[Crawled caption data]

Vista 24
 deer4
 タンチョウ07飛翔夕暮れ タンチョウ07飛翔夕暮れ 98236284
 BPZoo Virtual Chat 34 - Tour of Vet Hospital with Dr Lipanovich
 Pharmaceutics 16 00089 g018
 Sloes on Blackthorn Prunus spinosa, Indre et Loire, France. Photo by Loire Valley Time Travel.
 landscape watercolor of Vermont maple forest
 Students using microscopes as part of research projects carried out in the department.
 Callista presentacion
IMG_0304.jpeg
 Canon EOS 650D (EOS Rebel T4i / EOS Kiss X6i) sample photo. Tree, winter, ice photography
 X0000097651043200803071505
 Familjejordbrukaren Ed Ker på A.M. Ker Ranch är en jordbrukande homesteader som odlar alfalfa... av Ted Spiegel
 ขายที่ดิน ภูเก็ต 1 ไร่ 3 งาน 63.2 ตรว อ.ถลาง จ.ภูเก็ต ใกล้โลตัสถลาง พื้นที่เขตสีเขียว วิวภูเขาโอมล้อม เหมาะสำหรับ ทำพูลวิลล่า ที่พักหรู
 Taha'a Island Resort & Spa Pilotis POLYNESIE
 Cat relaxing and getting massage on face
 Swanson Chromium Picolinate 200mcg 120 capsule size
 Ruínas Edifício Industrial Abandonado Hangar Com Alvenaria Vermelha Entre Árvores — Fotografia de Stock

■ Task to carry out
Repeat the entries exactly, all of them.

■ Response area
Vista 24
 deer4
 タンチョウ07飛翔夕暮れ タンチョウ07飛翔夕暮れ 98236284
 BPZoo Virtual Chat 34 - Tour of Vet Hospital with Dr Lipanovich
 Pharmaceutics 16 00089 g018
 Sloes on Blackthorn Prunus spinosa, Indre et Loire, France. Photo by Loire Valley Time Travel.
 landscape watercolor of Vermont maple forest
 Students using microscopes as part of research projects carried out in the department.
 Callista presentacion
IMG_0304.jpeg
 Canon EOS 650D (EOS Rebel T4i / EOS Kiss X6i) sample photo. Tree, winter, ice photography
 X0000097651043200803071505
 Familjejordbrukaren Ed Ker på A.M. Ker Ranch är en jordbrukande homesteader som odlar alfalfa... av Ted Spiegel
 ขายที่ดิน ภูเก็ต 1 ไร่ 3 งาน 63.2 ตรว อ.ถลาง จ.ภูเก็ต ใกล้โลตัสถลาง พื้นที่เขตสีเขียว วิวภูเขาโอมล้อม เหมาะสำหรับ ทำพูลวิลล่า ที่พักหรู
 Taha'a Island Resort & Spa Pilotis POLYNESIE
 Cat relaxing and getting massage on face
 Swanson Chromium Picolinate 200mcg 120 capsule size
 Ruínas Edifício Industrial Abandonado Hangar Com Alvenaria Vermelha Entre Árvores — Fotografia de Stock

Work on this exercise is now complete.